APIR, the long-time provider of identifiers for managed funds, is enhancing its role as a utility in the funds management industry. It’s not an easy role to perform, but it’s an important one. And managed funds are not shrinking in number, as you’d otherwise suspect.
According to Chris Donohoe, the chief executive at APIR, the privately held business, is widening its capabilities. It’s enhancing its role as a provider of data services to the wholesale funds management industry. It is looking to, for instance, provide the whole industry with data breakdown of the aggregate number of investment products and identify underlying trends.
Donohoe says that while it may seem counter-intuitive, the trend is towards continued growth in the number of investment products across the industry, the main ones still being unlisted unit trusts. While the funds management industry has whinged about supporting too many funds over the years, it has, as a whole, done little about addressing the problem. The number of unlisted unit trusts has continued to grow.
Notwithstanding the continued growth in the traditional unit trust managed funds area Donohoe says, there has also been a lot of growth in the closed-end fund space over the last few years, such as property trusts. This does not include the listed market of LICs and LITs – both managed and passive.
Donohoe says: “We’ve had 29 new participants in the market in the past 12 months, from about 330 to 359. In the previous full year, the increase was around 33. There continues to be strong product growth in the traditional managed funds area.” He says that APIR has changed the way it prices some products, to make them more accessible for specific product types, such as closed-end funds.

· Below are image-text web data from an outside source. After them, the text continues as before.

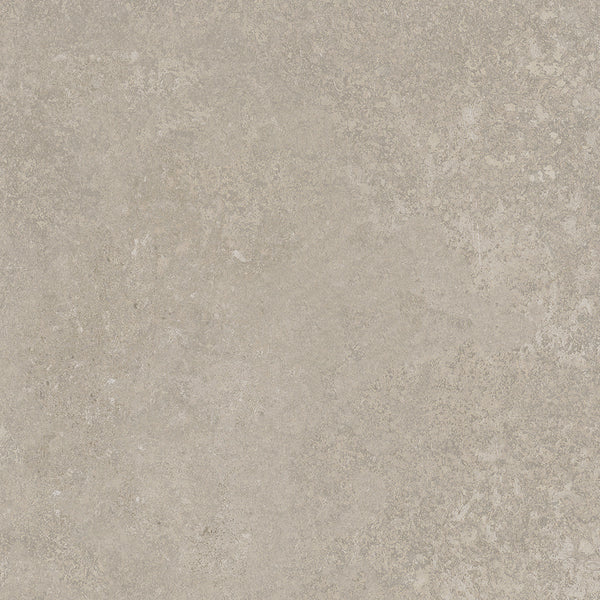 Saime Ceramiche Avalon Gris official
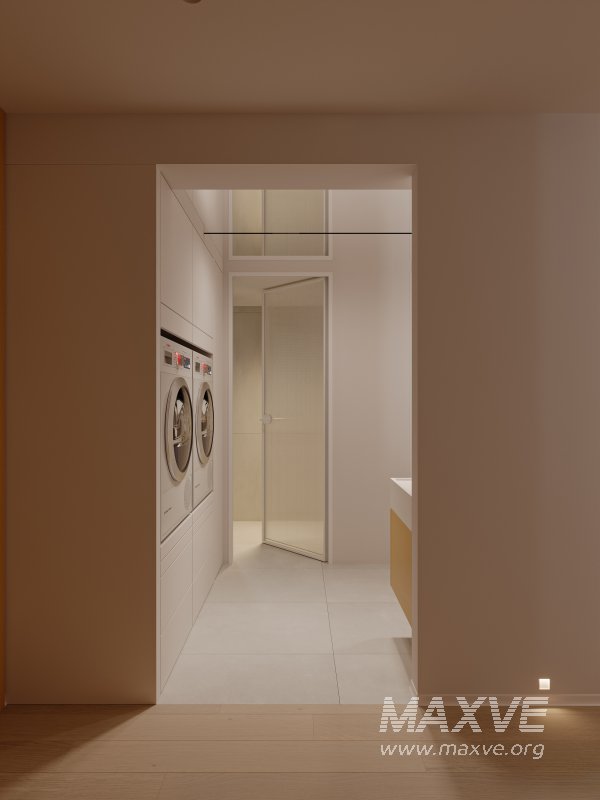 Living Room Dining Room Kitchen Bathroom - Image 6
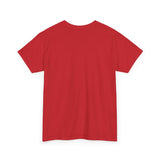 Fucktards Twatwaffles and Cuntcakes Are Not Tolerated Here High Quality Tee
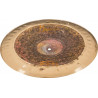 Meinl - B16DUCH 1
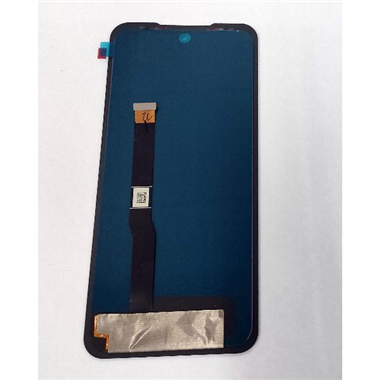 Pantalla lcd para Doogee V20 mas tactil negro calidad premium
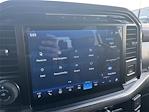 2021 Ford F-150 SuperCrew Cab 4WD Pickup for sale #RP11243 - photo 29
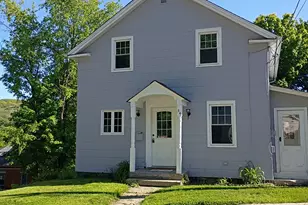 34 Rock St, Winchester, CT 06098 - Photo 1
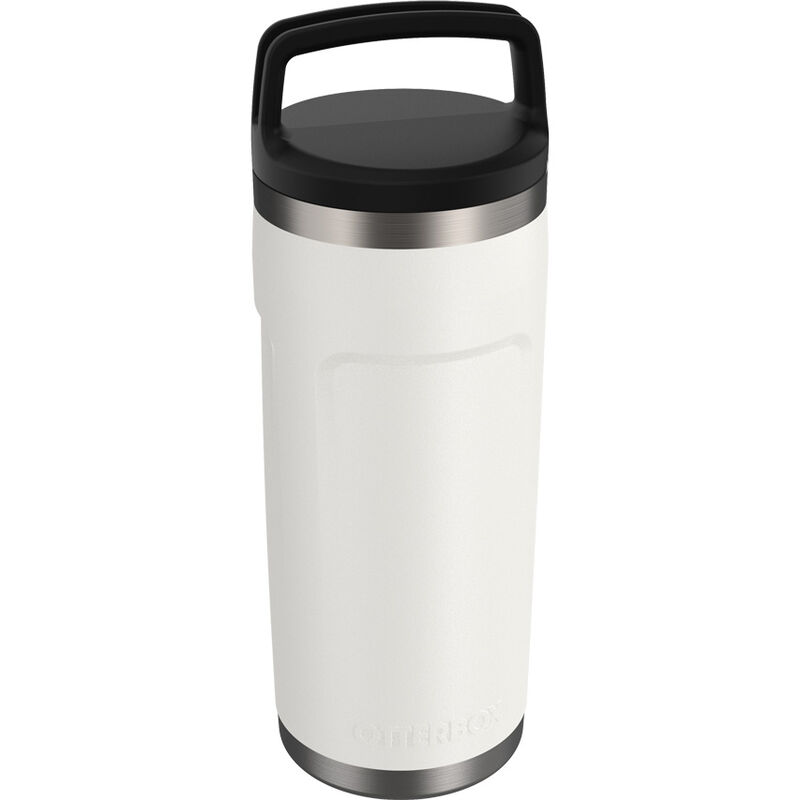 product image 2 - 28 oz Growler Elevation 28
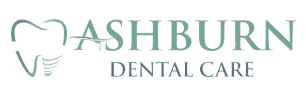 Ashburn Dental Care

“In terms of the types of products, there has been continued growth in our core traditional managed funds, which is counter-intuitive. We’ve had about 300 new registrations just in the past six months.”
A particularly strong area of growth is in the ‘Legal Entity Identifier’ (LEI) area. This includes corporate trusts and other such legal entities, APIR has registered approximately 2.300 LEIs since late 2015.
Donohoe says there are about 13,000 products in active circulation and probably double that number of unused products that APIR still keeps data on. That’s been a fairly constant number for the past five-or-so years, he says. The total number of managed fund products has remained fairly static, notwithstanding manager attempts to reduce their number.
Another area of potential growth for APIR is the ‘Asia Region Funds Passport’ initiative, being supported locally by the Financial Services Council. Donohoe says that the legislation, passed in 2018, still needs some support, given that Asian investors are typically not attracted to Australian trust structures. The introduction of the ‘CCIV’ (Corporate Collective Investment Vehicle), which is simpler, akin to the European UCITs structure, should give that long-awaited development a nudge along.